We investigated whether phosphorylation of ZBP1 at Tyr396 by Src provides a local mechanism to increase translation of β-actin mRNA. Src and ZBP1 colocalize at the cell periphery and beneath the membrane of nonneuronal cells (Huttelmaier et al., 2005), however, it is still unknown whether ZBP1 is phosphorylated by Src or SFKs at peripheral locations, such as in growth cones to regulate local translation in response to extracellular stimuli. To examine this, we prepared an anti-phospho ZBP1 (Tyr396) antibody. The phosphorylation site is located just upstream of the KH3 and KH4 domains, which are essential for ZBP1 to bind to the zipcode sequence (Farina et al., 2003) (Fig. 1A).
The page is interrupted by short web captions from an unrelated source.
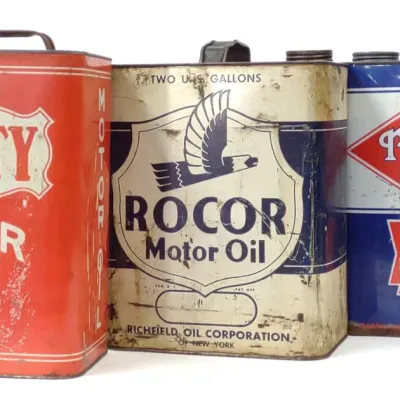 Sale Photo Thumbnail #336: (3) Penn-Rad, Rocor & Purity Two Gallon Oil Cans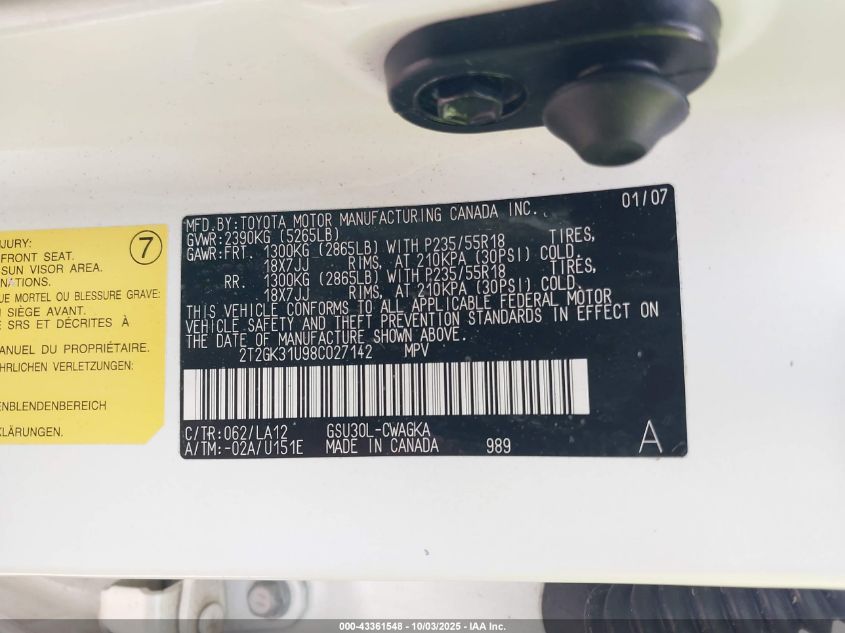 2008 Lexus Rx 350 VIN: 2T2GK31U98C027142 Lot: 43361548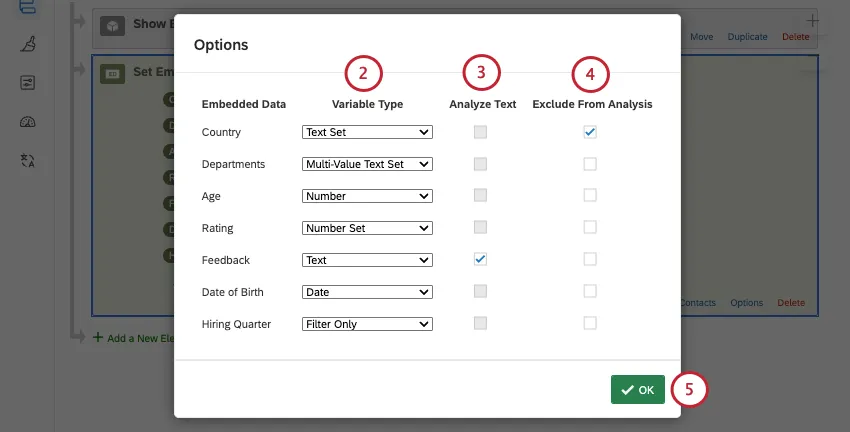 new modal opens named options with column for name, variable type, analyze text, and exclude from analysis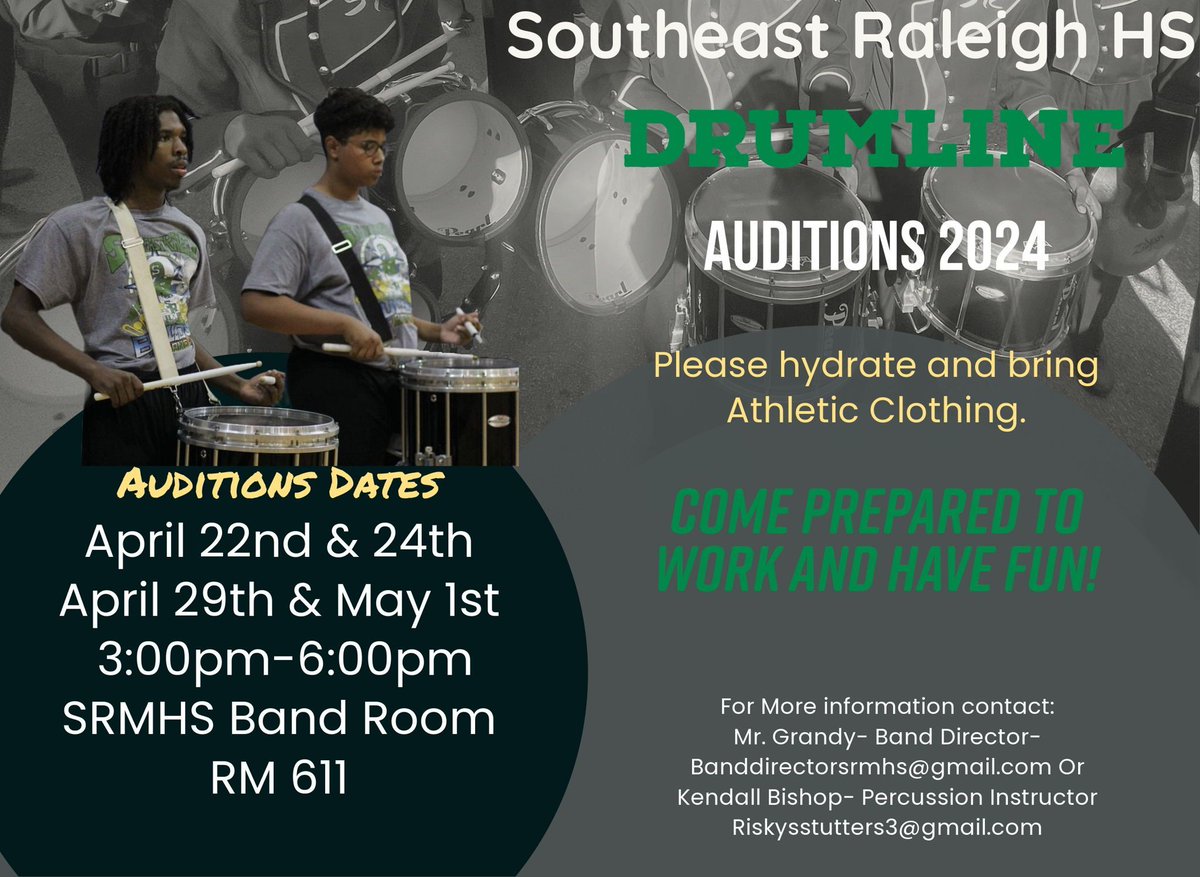 SRMHS Marching Band Drumline tryouts will be held from 3:00 PM to 6:00 PM on April 22nd through the 24th and April 29th through May 1st in room 611. If you are interested, please contact Mr. Grandy, our band director.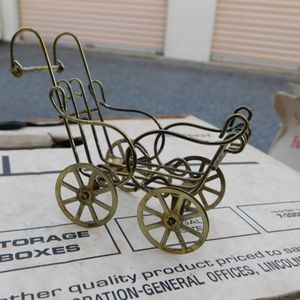 Miniature Vintage Brass Baby Stroller Carriage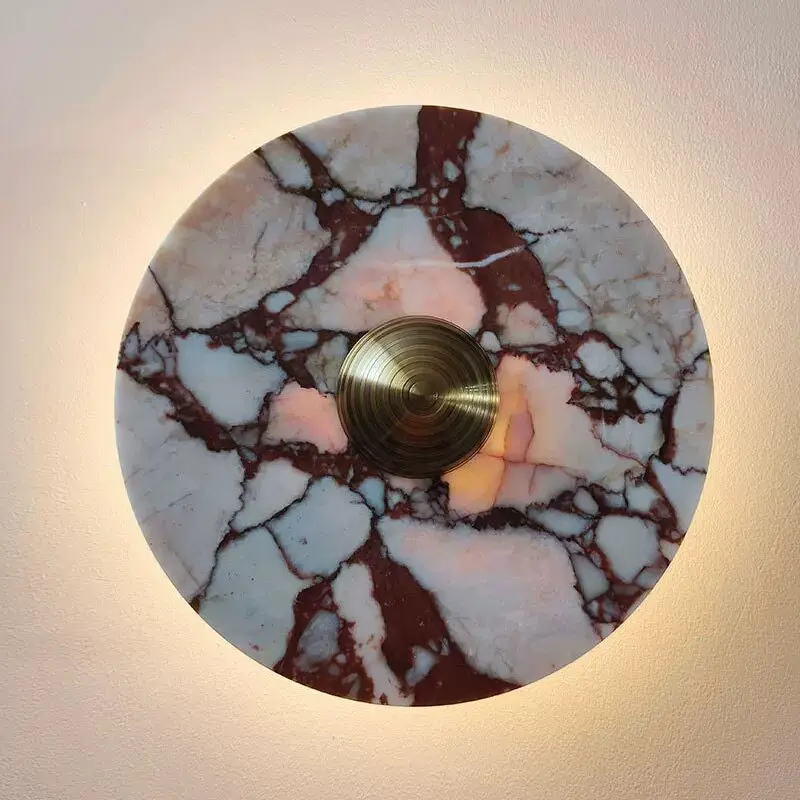 Italian marble wall lamp designer study bedroom bar counter hotel corridor entrance luxury stone wall lamp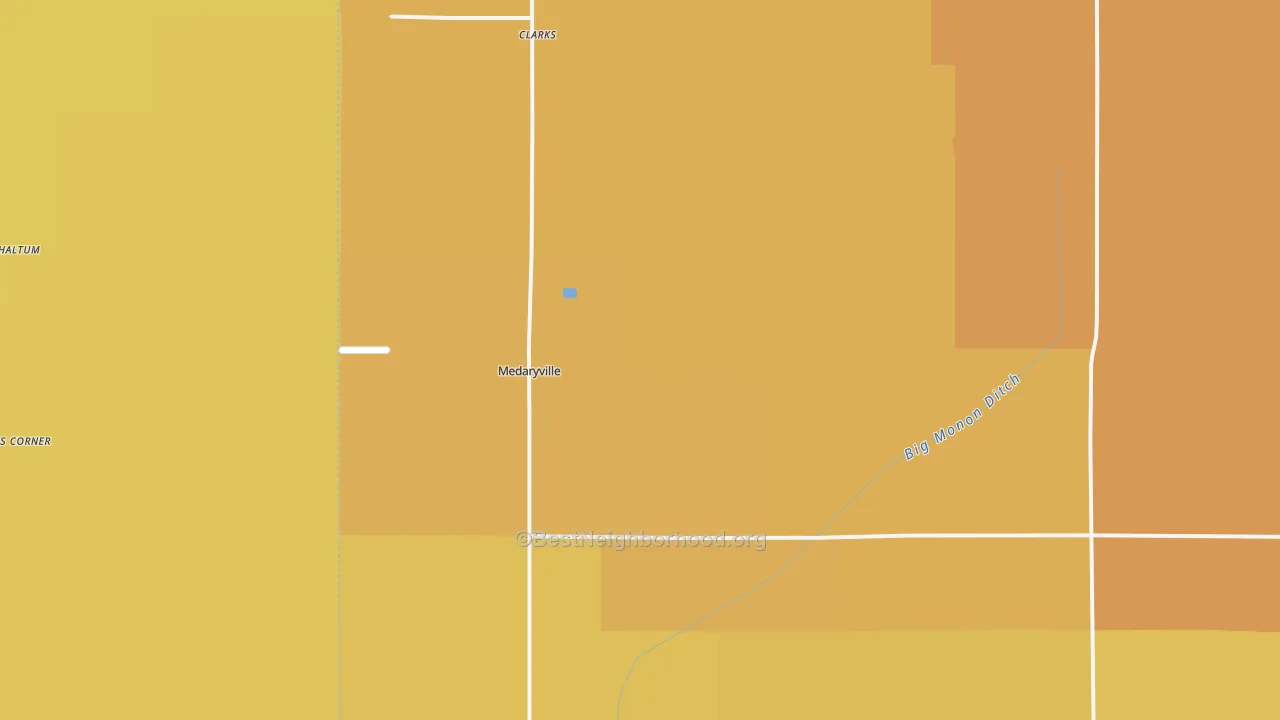 Map of the best neighborhoods in the Medaryville area, with better matches in green and worse matches in red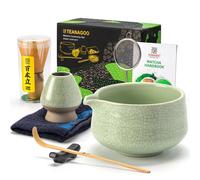 TEANAGOO Kit matcha de cérémonie avec fouet en bambou et porte-fouet, bol en céramique, cuillère en bambou et support, tamis et serviette - Vert clair pro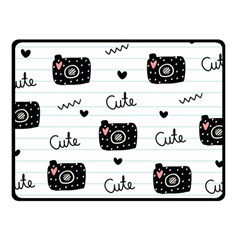 Cute Cameras Doodles Hand Drawn Fleece Blanket (small) by Cowasu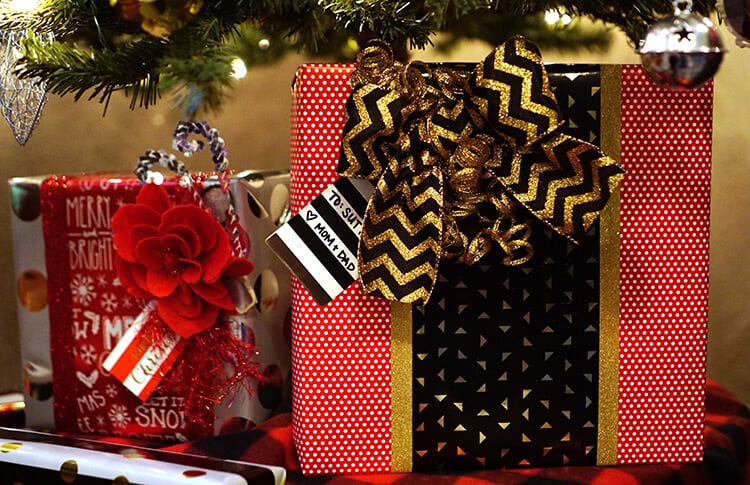 Black Red Printed Golden Gift Wrapping Ribbon Christmas - Temu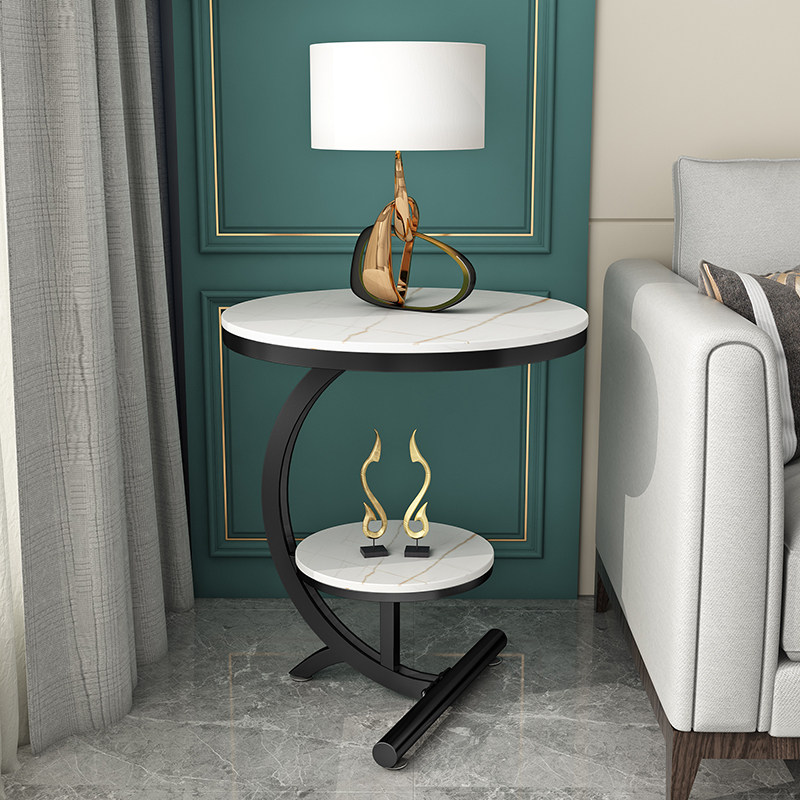 Italian rock slab side several living room sofa side cabinet balcony table tea table mini small round table bedside table corner several luxury
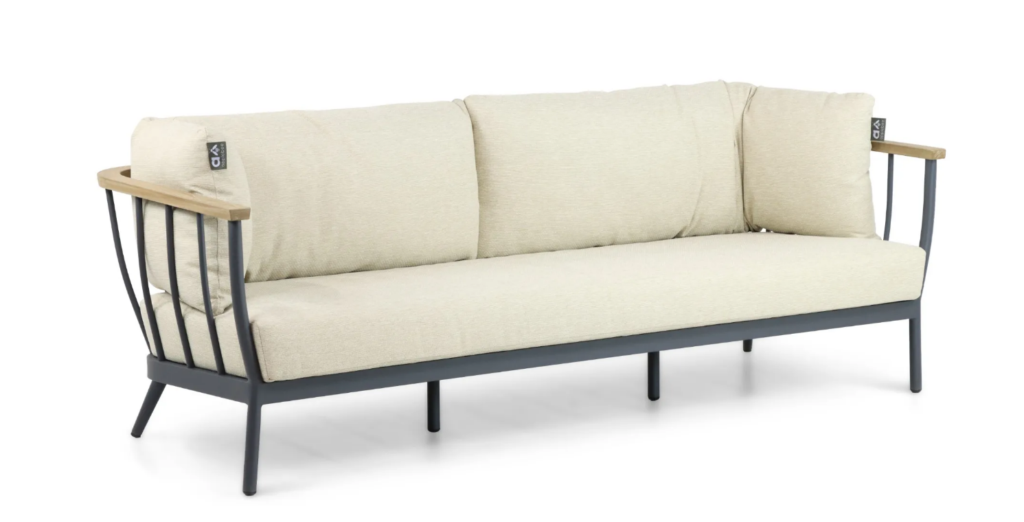 Stoel-bank loungeset Condor black (3-zits) + Loungetafel Condor 4-dlg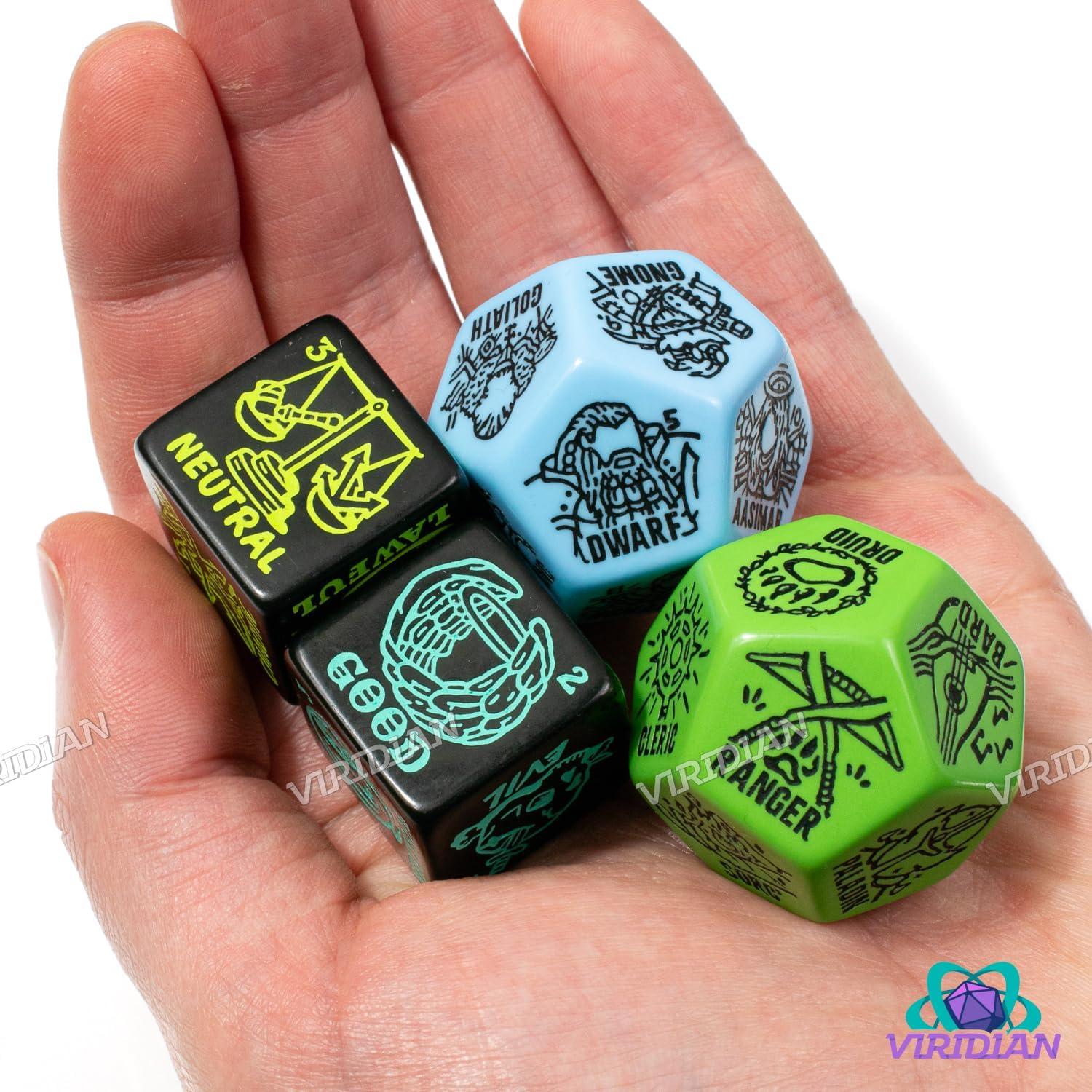 Set de Dados Jumbo Generador de Personajes D&D - Azul y Verde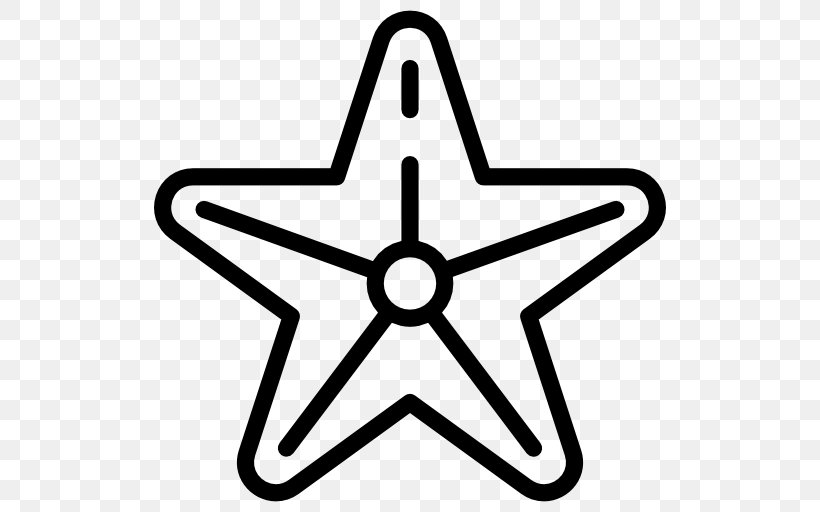 Starfish Five-pointed Star, PNG, 512x512px, Star, Area, Black And White, Drawing, Fivepointed Star Download Free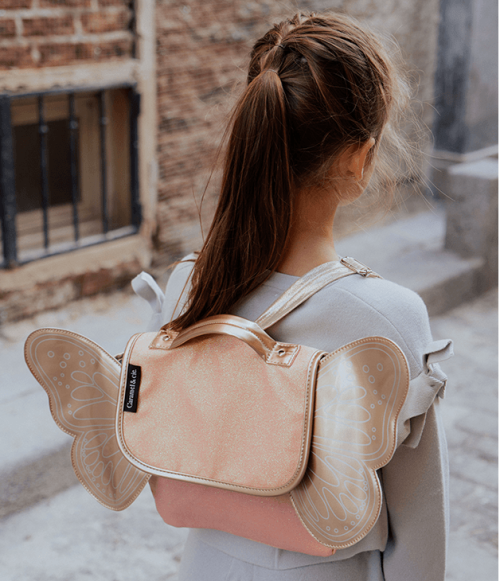 Sac PAPILLON PAILLETTES CORAIL pour enfant boutique pour enfant saint pierre ILE DE LA REUNION rentrée des classes écoles livraison 974 caramel et Cie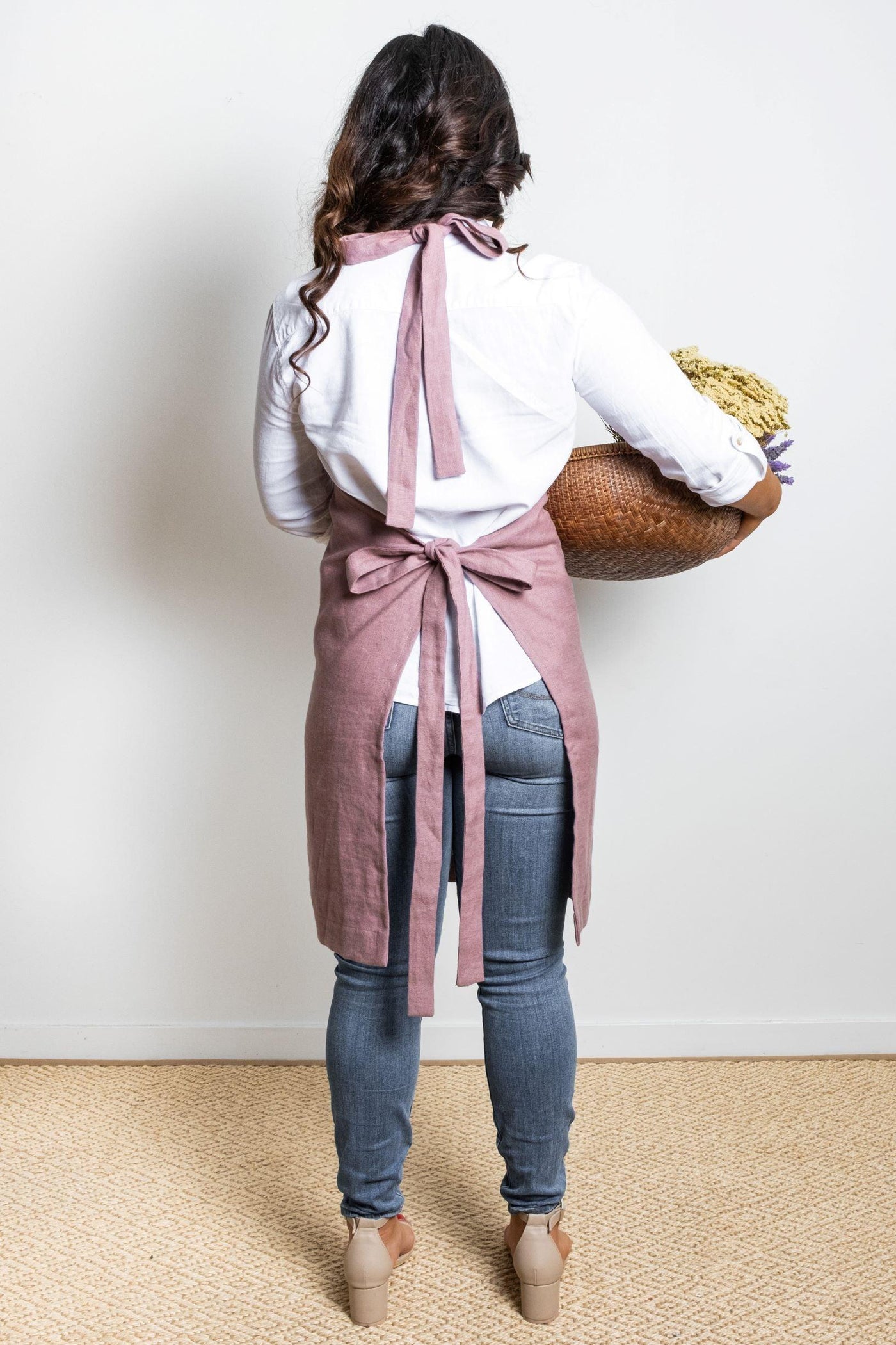 Mauve Linen Bib Apron - LinenBarn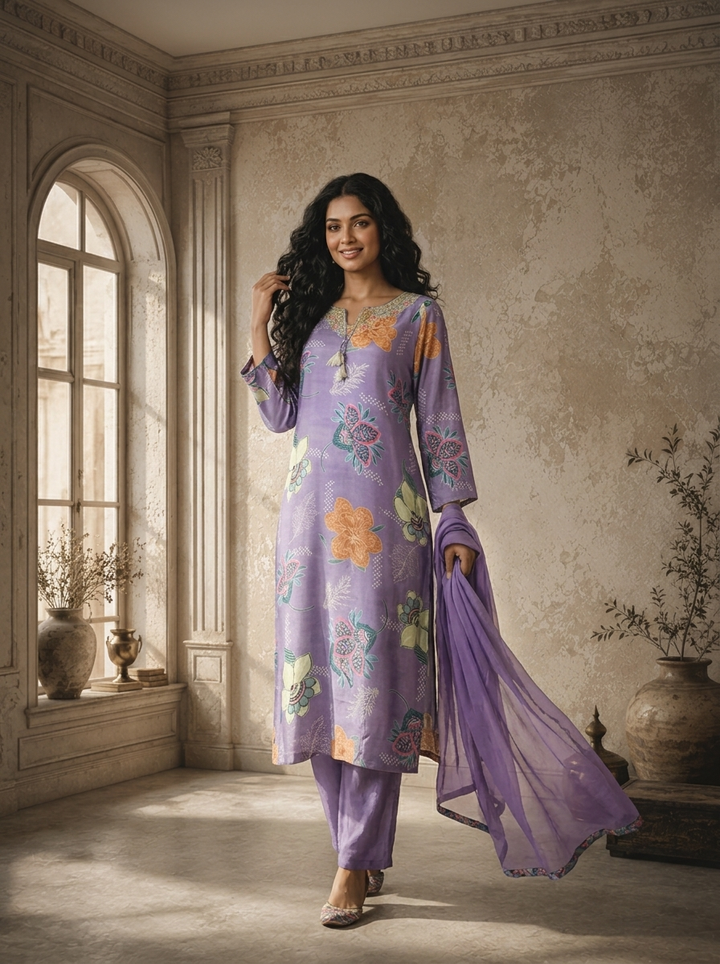 Purple Muslin Botanical Printed Three Piece Set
The neighboring amino acid sequence to Tyr396 is conserved among different species of ZBP1, but not in IMP2 and IMP3 homologs (Fig. 1B). ZBP1 is a member of a three gene family encoding KH-domain containing mRNA binding proteins, also termed IMP or VICKZ proteins (Yisraeli, 2005). The phospho-antibody was shown to be ZBP1-specific as demonstrated by western blot analysis of 293T cells expressing wild type ZBP1 or IMP2/IMP3 homologs (Fig. S1). These data suggest that the phospho-antibody may recognize both the phosphotyrosine at 396 and the conserved surrounding sequence of ZBP1, which is not conserved between homologs (Fig. 1B). In 293T cells co-expressing a wild type or phospho-mutant (Y396F) form of ZBP1 with or without constitutively-active Src, this antibody recognized wild type ZBP1 phosphorylated by Src (Fig. 1C). Expression of the SFK, Fyn, which is one of the neuronal SFKs, also resulted in a marked increase in levels of phospho-ZBP1 (Fig. 1D). A SFK-specific inhibitor, PP2, inhibited ZBP1 phosphorylation by Fyn (Fig. 1D). These results confirmed the specificity of the antibody to SFK-phosphorylated ZBP1 at Tyr396.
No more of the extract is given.